[Task inputs]:
========

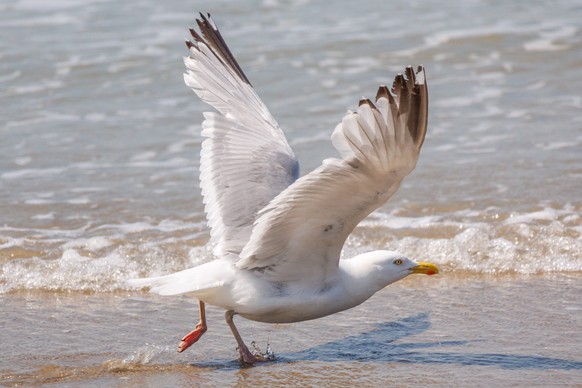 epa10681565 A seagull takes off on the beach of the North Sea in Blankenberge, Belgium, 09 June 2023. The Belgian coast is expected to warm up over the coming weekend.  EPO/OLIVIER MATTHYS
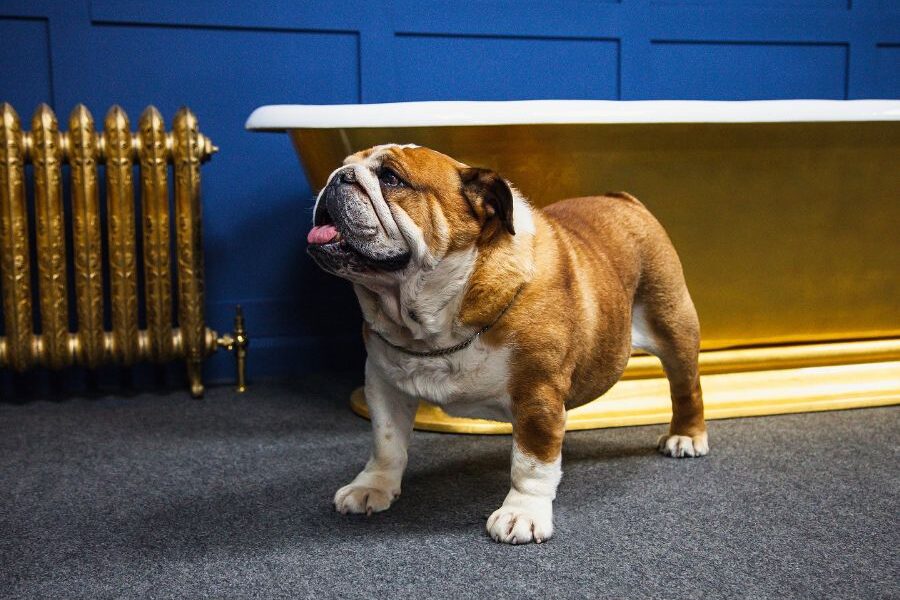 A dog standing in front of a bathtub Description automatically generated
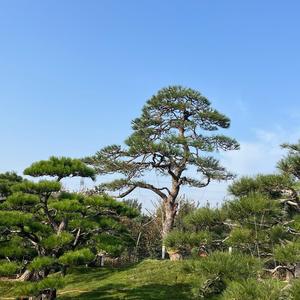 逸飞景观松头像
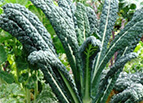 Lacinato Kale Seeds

========

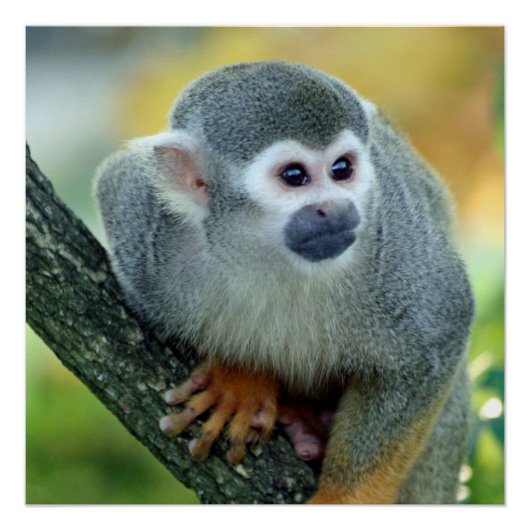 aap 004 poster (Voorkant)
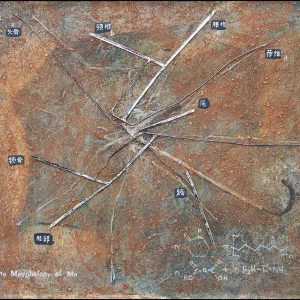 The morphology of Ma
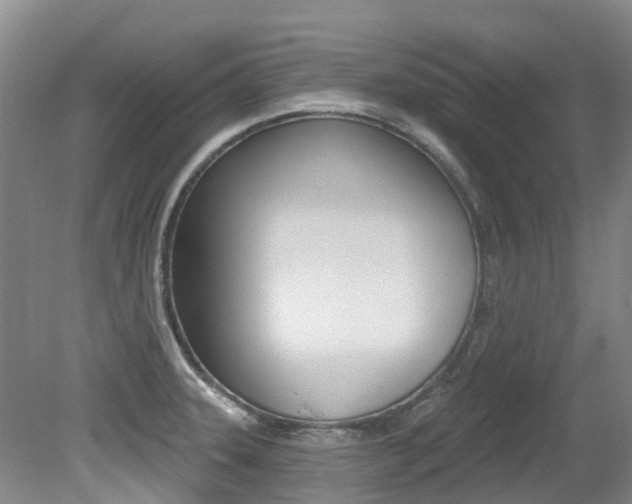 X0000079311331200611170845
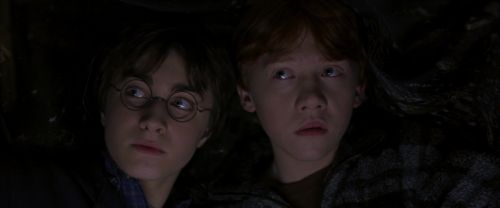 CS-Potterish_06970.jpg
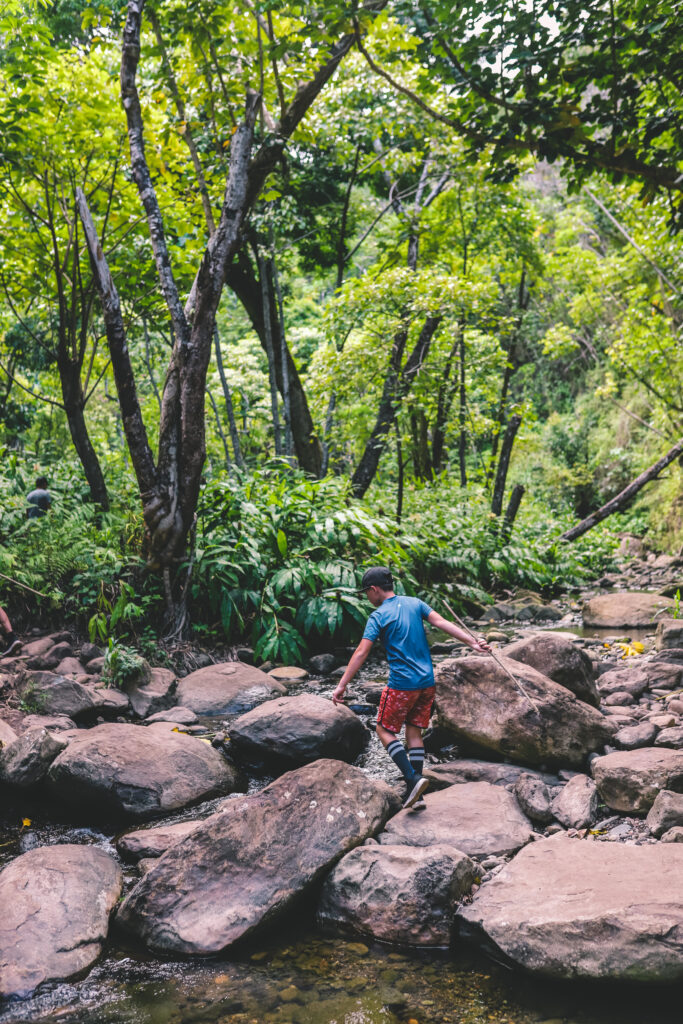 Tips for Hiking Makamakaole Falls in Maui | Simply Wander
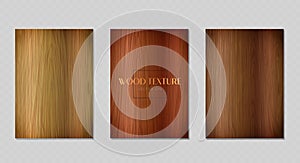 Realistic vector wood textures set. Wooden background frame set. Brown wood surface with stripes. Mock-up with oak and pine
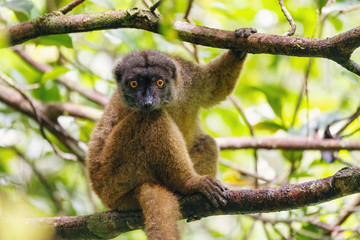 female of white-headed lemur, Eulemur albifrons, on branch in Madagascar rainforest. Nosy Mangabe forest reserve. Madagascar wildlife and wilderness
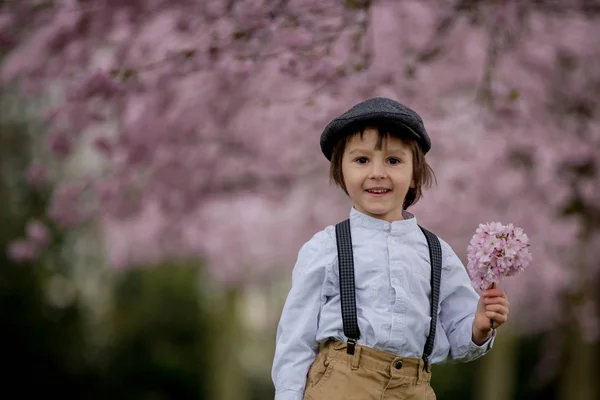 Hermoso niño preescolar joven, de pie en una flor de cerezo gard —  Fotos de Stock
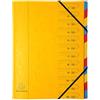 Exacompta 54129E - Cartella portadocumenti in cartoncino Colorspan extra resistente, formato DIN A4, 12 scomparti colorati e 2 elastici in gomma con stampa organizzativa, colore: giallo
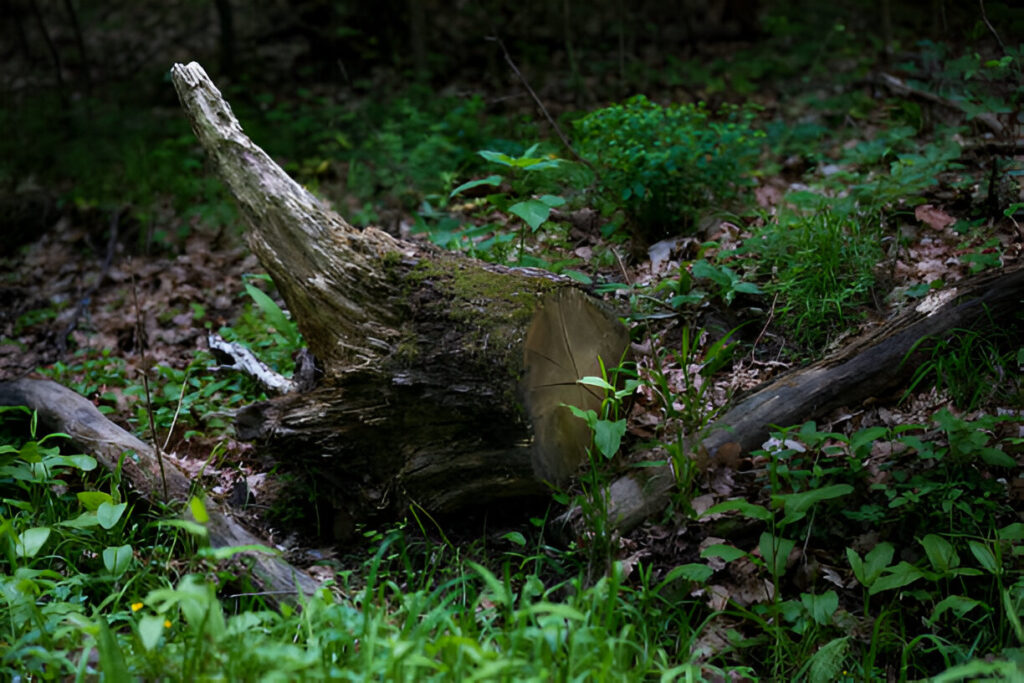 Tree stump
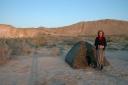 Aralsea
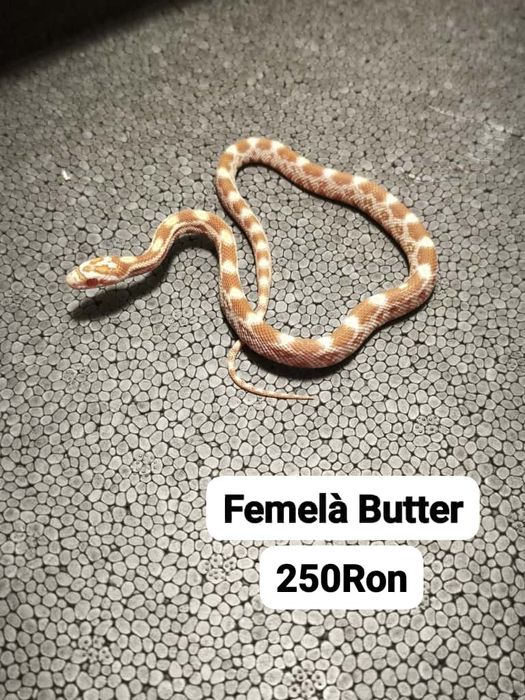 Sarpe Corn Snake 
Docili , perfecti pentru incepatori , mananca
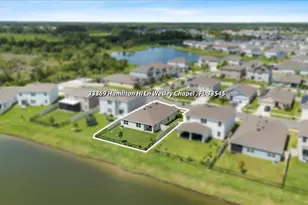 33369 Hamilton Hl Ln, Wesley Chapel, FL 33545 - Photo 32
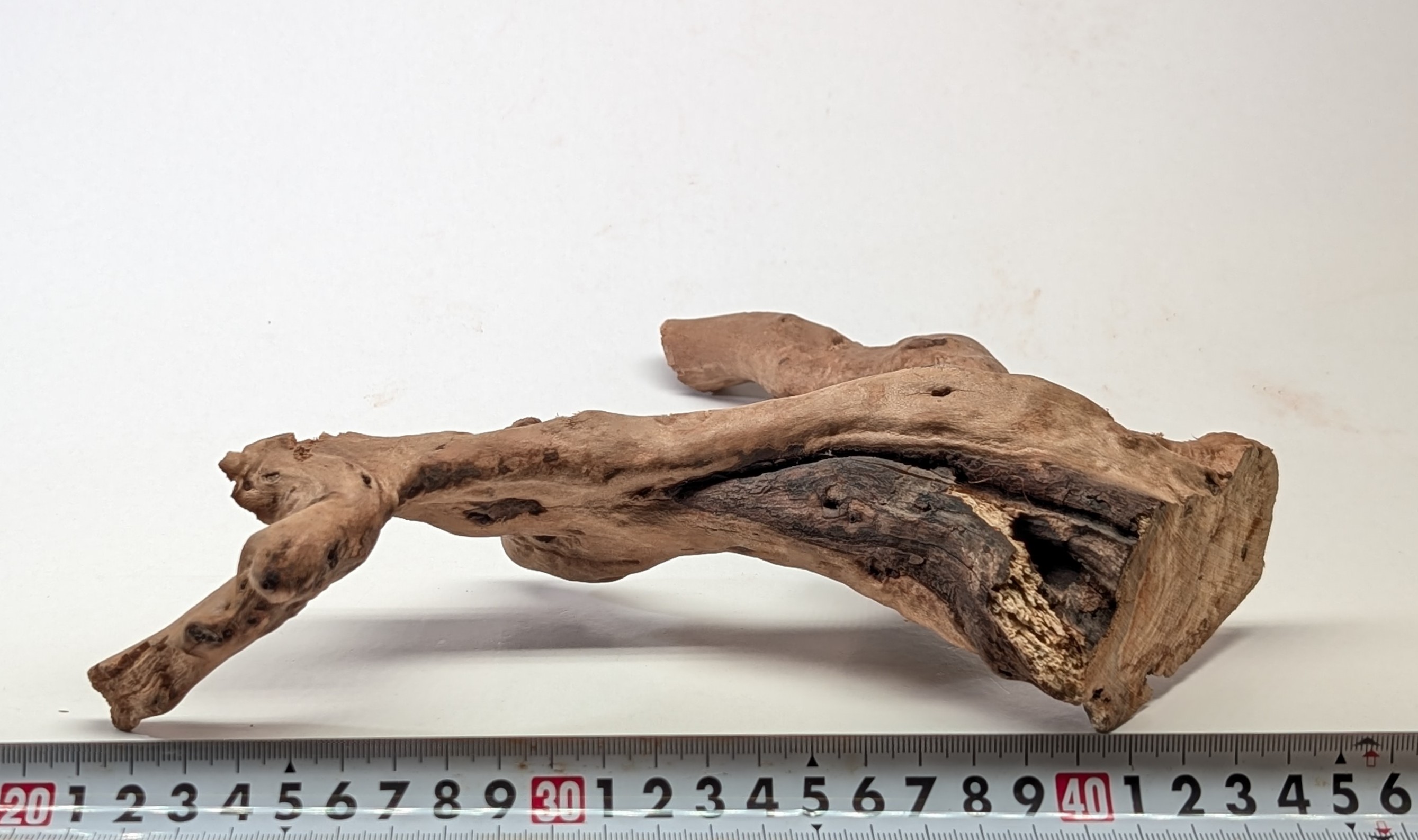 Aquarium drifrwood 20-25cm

========

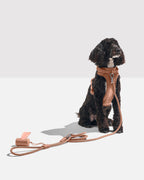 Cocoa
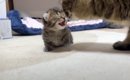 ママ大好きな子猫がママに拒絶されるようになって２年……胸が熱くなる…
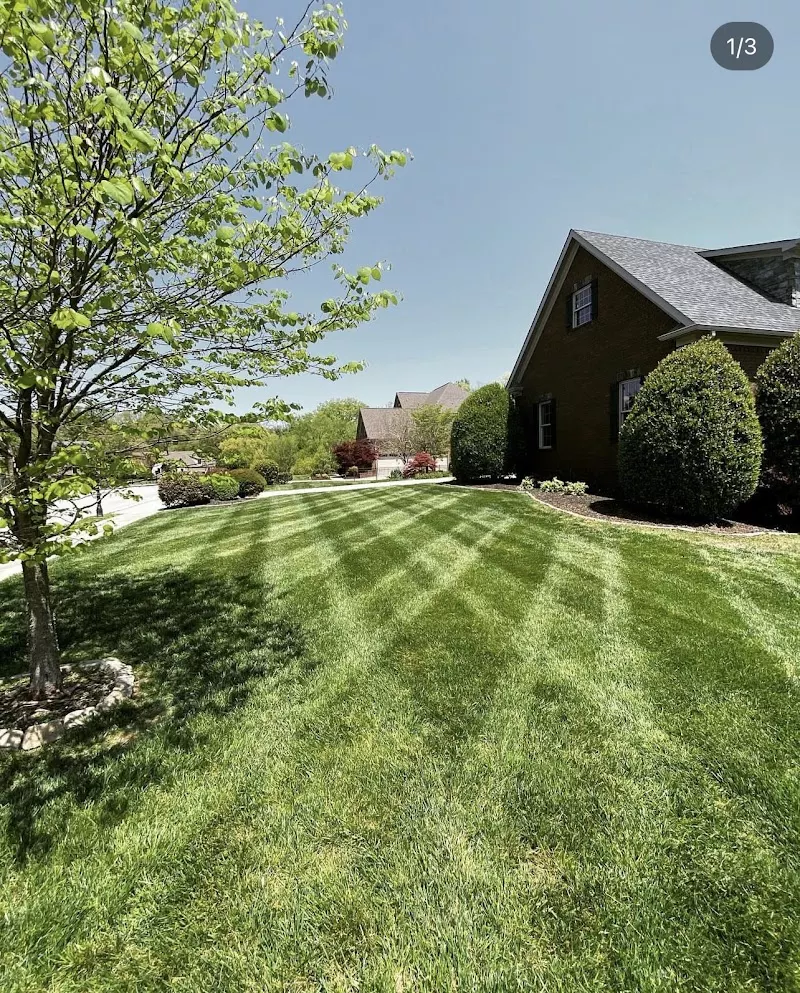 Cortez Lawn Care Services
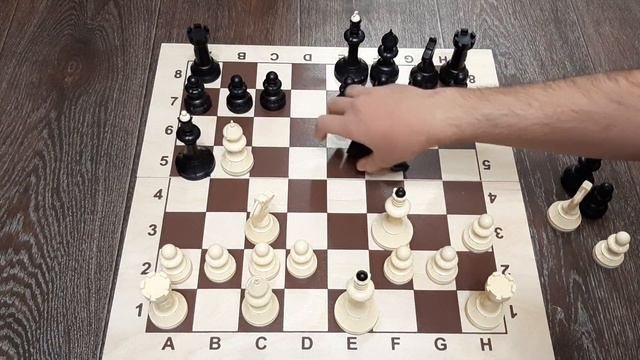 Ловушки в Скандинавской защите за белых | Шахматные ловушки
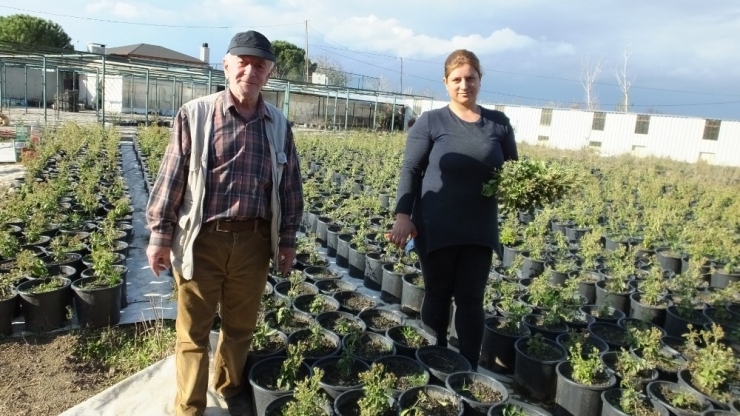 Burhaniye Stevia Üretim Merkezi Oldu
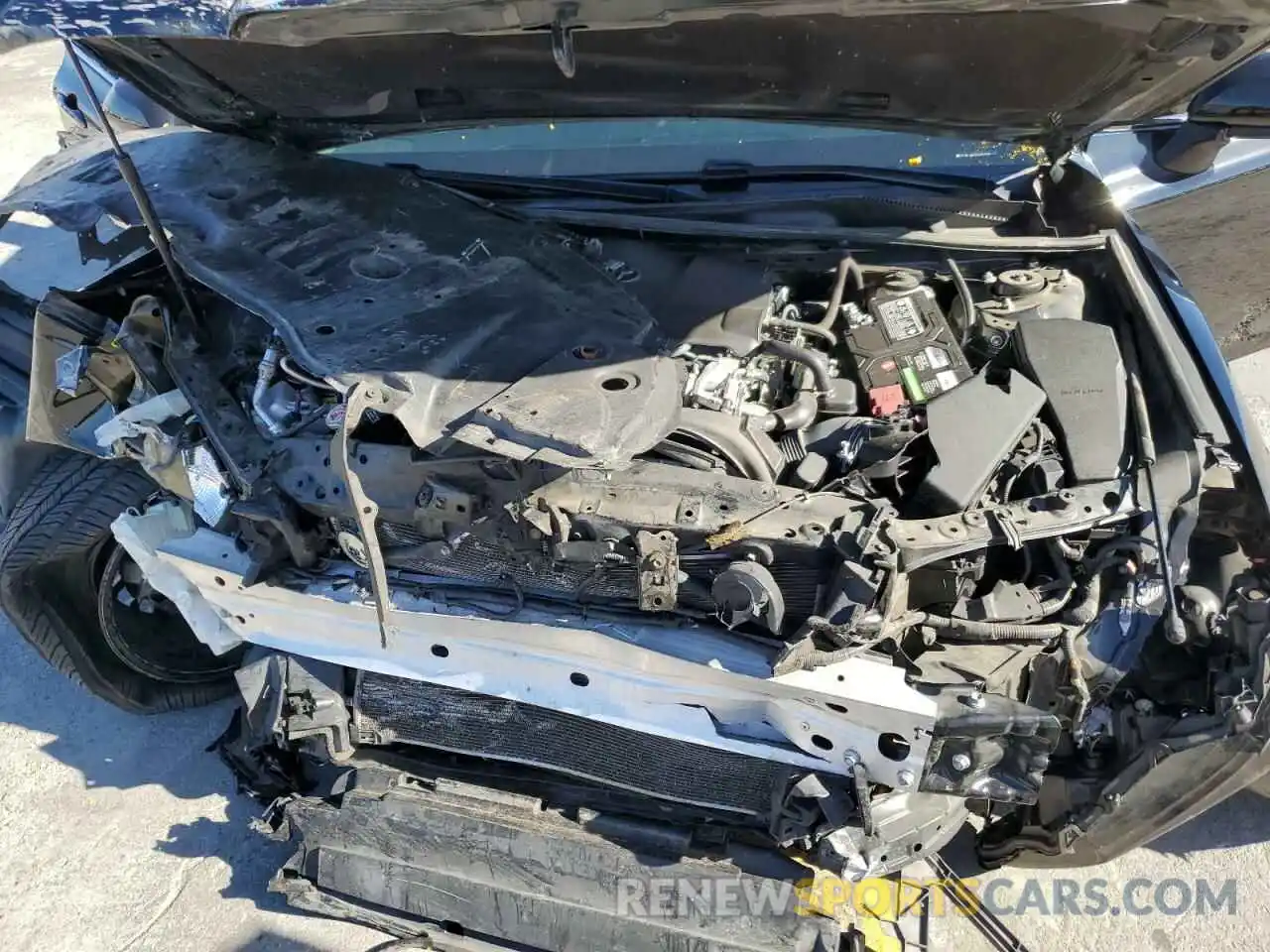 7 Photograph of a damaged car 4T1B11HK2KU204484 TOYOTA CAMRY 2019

========

[What needs to be done]: All that should be printed is the run of lines above from the one with "epa10681565 A seagull" through the one with "Lacinato Kale Seeds", both included, exactly as given, with pictures left out.

[Solution for this task]:
 epa10681565 A seagull takes off on the beach of the North Sea in Blankenberge, Belgium, 09 June 2023. The Belgian coast is expected to warm up over the coming weekend.  EPO/OLIVIER MATTHYS
 A dog standing in front of a bathtub Description automatically generated
 逸飞景观松头像
 Lacinato Kale Seeds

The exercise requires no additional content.